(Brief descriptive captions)
•••••
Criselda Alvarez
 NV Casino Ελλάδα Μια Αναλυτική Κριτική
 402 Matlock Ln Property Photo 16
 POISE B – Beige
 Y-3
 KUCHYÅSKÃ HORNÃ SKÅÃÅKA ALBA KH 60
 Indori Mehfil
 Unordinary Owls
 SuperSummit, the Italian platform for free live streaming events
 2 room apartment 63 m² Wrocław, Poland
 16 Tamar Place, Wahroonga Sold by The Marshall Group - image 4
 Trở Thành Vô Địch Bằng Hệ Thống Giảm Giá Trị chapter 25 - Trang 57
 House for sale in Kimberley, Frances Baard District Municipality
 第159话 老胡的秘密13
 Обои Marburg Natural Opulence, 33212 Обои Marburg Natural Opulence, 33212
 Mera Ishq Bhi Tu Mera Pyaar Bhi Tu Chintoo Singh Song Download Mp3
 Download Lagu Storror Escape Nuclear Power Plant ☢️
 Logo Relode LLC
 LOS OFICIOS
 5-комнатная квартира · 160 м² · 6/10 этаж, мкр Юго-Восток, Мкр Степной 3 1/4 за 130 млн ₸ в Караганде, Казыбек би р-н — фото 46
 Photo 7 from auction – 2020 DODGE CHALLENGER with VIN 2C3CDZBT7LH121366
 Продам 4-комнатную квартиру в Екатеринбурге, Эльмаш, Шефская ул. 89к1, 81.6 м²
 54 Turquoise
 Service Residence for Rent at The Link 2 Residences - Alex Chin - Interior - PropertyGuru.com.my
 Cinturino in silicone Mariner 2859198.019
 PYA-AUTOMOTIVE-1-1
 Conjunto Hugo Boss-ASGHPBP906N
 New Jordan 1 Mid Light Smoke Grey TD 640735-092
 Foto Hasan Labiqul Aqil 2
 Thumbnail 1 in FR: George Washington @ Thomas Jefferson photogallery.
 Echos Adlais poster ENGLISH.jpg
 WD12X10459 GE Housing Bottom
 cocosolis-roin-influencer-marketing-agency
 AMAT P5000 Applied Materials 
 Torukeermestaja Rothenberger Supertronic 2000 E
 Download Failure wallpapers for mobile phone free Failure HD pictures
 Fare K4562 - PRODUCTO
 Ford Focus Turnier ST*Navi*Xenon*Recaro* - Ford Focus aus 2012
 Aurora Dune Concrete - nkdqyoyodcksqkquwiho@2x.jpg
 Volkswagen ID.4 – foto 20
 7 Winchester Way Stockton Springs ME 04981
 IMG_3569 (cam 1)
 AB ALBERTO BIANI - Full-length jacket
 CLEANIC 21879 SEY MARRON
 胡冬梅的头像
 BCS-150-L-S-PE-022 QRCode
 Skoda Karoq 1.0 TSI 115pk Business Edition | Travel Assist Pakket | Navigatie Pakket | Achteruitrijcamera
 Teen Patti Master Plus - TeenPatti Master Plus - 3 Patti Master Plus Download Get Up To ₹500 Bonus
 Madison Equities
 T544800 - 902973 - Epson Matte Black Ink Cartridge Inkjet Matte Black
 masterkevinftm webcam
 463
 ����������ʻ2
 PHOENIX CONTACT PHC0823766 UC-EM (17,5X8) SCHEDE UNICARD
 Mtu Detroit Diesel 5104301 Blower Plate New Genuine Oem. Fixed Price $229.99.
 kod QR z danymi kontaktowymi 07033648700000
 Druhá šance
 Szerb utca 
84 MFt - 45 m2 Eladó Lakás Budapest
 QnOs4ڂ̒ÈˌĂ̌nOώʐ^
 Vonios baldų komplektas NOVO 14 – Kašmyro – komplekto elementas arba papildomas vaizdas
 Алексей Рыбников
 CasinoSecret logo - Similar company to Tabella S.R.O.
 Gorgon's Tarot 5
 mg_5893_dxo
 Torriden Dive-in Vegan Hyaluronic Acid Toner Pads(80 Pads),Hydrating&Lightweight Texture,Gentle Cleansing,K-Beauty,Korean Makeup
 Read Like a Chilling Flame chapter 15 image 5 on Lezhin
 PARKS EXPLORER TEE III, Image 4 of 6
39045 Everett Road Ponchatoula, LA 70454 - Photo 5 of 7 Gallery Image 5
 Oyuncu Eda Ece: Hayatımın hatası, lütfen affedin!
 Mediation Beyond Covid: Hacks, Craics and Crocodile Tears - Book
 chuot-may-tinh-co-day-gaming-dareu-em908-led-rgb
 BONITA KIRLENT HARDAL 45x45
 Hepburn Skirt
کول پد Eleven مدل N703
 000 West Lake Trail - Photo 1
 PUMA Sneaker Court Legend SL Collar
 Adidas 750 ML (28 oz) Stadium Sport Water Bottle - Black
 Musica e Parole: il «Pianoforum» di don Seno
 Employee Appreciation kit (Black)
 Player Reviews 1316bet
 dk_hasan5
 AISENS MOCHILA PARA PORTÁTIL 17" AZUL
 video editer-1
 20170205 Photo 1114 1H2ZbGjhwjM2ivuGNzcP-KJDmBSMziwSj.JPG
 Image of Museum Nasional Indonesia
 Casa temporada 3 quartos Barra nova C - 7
•••••
§ The task
Only the lines from the one containing "PARKS EXPLORER TEE III, Image 4 of 6" to the end of the data should be printed, exactly as they stand.

§ Problem solution
 PARKS EXPLORER TEE III, Image 4 of 6
39045 Everett Road Ponchatoula, LA 70454 - Photo 5 of 7 Gallery Image 5
 Oyuncu Eda Ece: Hayatımın hatası, lütfen affedin!
 Mediation Beyond Covid: Hacks, Craics and Crocodile Tears - Book
 chuot-may-tinh-co-day-gaming-dareu-em908-led-rgb
 BONITA KIRLENT HARDAL 45x45
 Hepburn Skirt
کول پد Eleven مدل N703
 000 West Lake Trail - Photo 1
 PUMA Sneaker Court Legend SL Collar
 Adidas 750 ML (28 oz) Stadium Sport Water Bottle - Black
 Musica e Parole: il «Pianoforum» di don Seno
 Employee Appreciation kit (Black)
 Player Reviews 1316bet
 dk_hasan5
 AISENS MOCHILA PARA PORTÁTIL 17" AZUL
 video editer-1
 20170205 Photo 1114 1H2ZbGjhwjM2ivuGNzcP-KJDmBSMziwSj.JPG
 Image of Museum Nasional Indonesia
 Casa temporada 3 quartos Barra nova C - 7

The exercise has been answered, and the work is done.